There’s been a lot of talk lately about how bass move, when and why. Most of it is good information. It’ll definitely help you catch more bass this spring, but there’s something else you need to consider: What part of the reservoir are you fishing?
Note that I asked about the reservoir. Everything I’m about to say applies only to manmade bodies of water. Natural lakes and rivers are different and need to be approached differently. We’ll deal with them in future columns.
You can break any reservoir into three parts — the lower part where the dam is located, the upper part where the water flows into the reservoir and the middle part between the two. It’s rare to find the bass biting at the same time in all three sections, but it’s also rare for them to not be biting in one of them. They’re biting somewhere. Your job as an angler is to find that somewhere.
The lower section is typically deeper and clearer. The upper section is almost always much darker and shallower. The middle section will usually be somewhere in between the other two. The sections are not distinct, however. They blend into each other. Nevertheless, they are there, and you can see them on a good map or with your electronics if you run the lake.
These differences cause differences in bass behavior. I’ve never believed that bass move miles from one section to the other. They live where they live and make the best of what that area has to offer. Bass become active in one section or another not because they’ve all moved into that area but because conditions are favorable.

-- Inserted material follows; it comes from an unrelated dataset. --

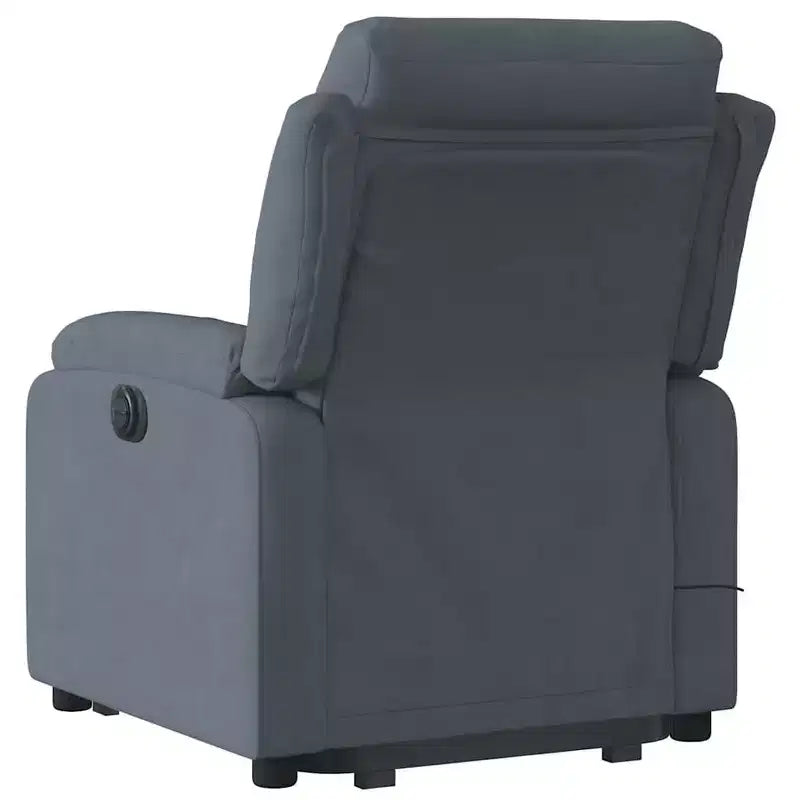 vidaXL Stand Up Massage Recliner Chair Dark gray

The upper section will warm earlier than the other two. That means that the first prespawn movement as well as the spawn itself will occur there first. So, early in the spring that’s probably your best chance at finding shallow, active bass. As the calendar progresses this movement will happen farther down the lake until the bass in the lower section are in their spawn.

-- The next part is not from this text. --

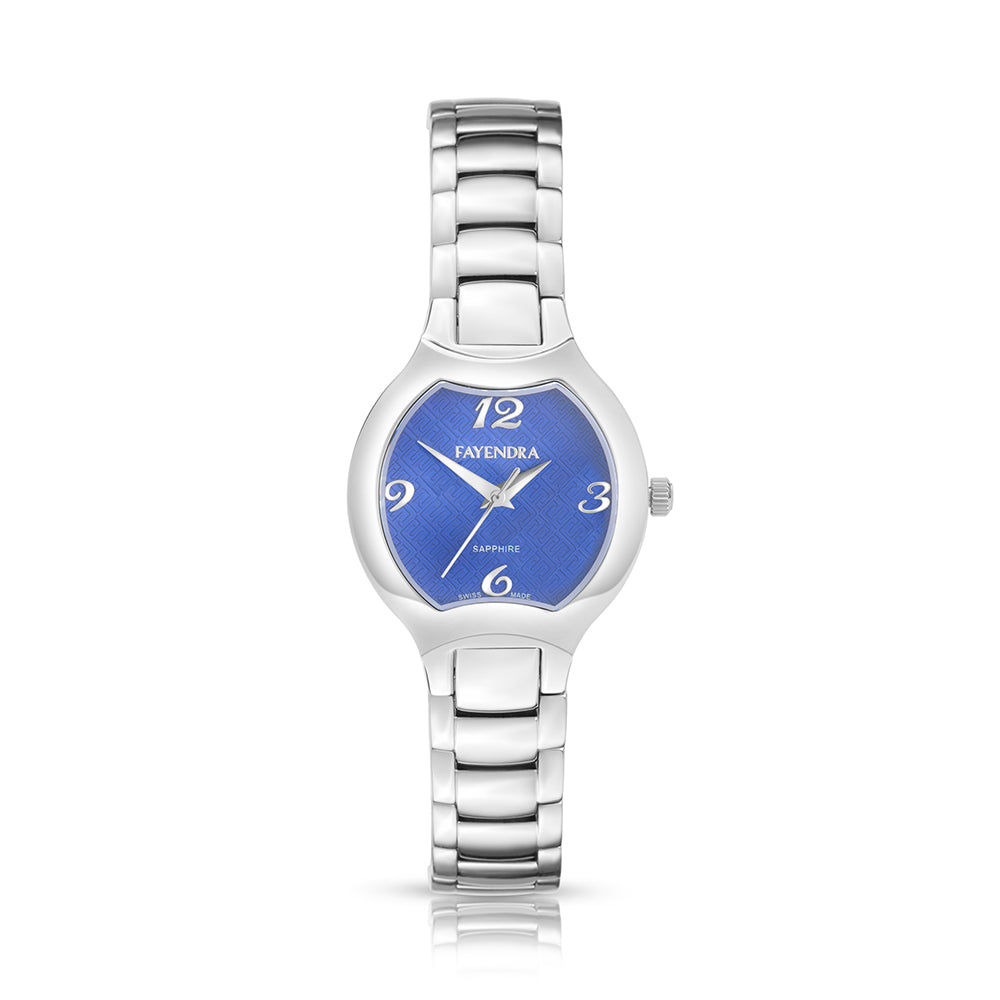 Stainless Steel 316L Watch Silver Color - BLUE METAL DIAL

You need to keep all this in mind when you’re thinking about bass movements. All the specific knowledge in the world about travel paths, staging spots or bedding areas won’t do you any good if you’re fishing the wrong section of the reservoir.
All this begs the question: How do I find the right section?
I usually start by thinking about the calendar and the water. If it’s early, I’ll think about the upper section. If it’s late spring, I’ll think about the lower section. And, if it’s somewhere in between, I’ll think about fishing somewhere in between. Once I’ve considered that I’ll check the water temperature, it’s color and think about the surrounding depth.
With that information I’ll be in a position to make an educated guess as the where I should be fishing.
Remember, though, that we’re after fish. Sometimes they don’t do what we think they should. Always — and I do mean always — fish the moment.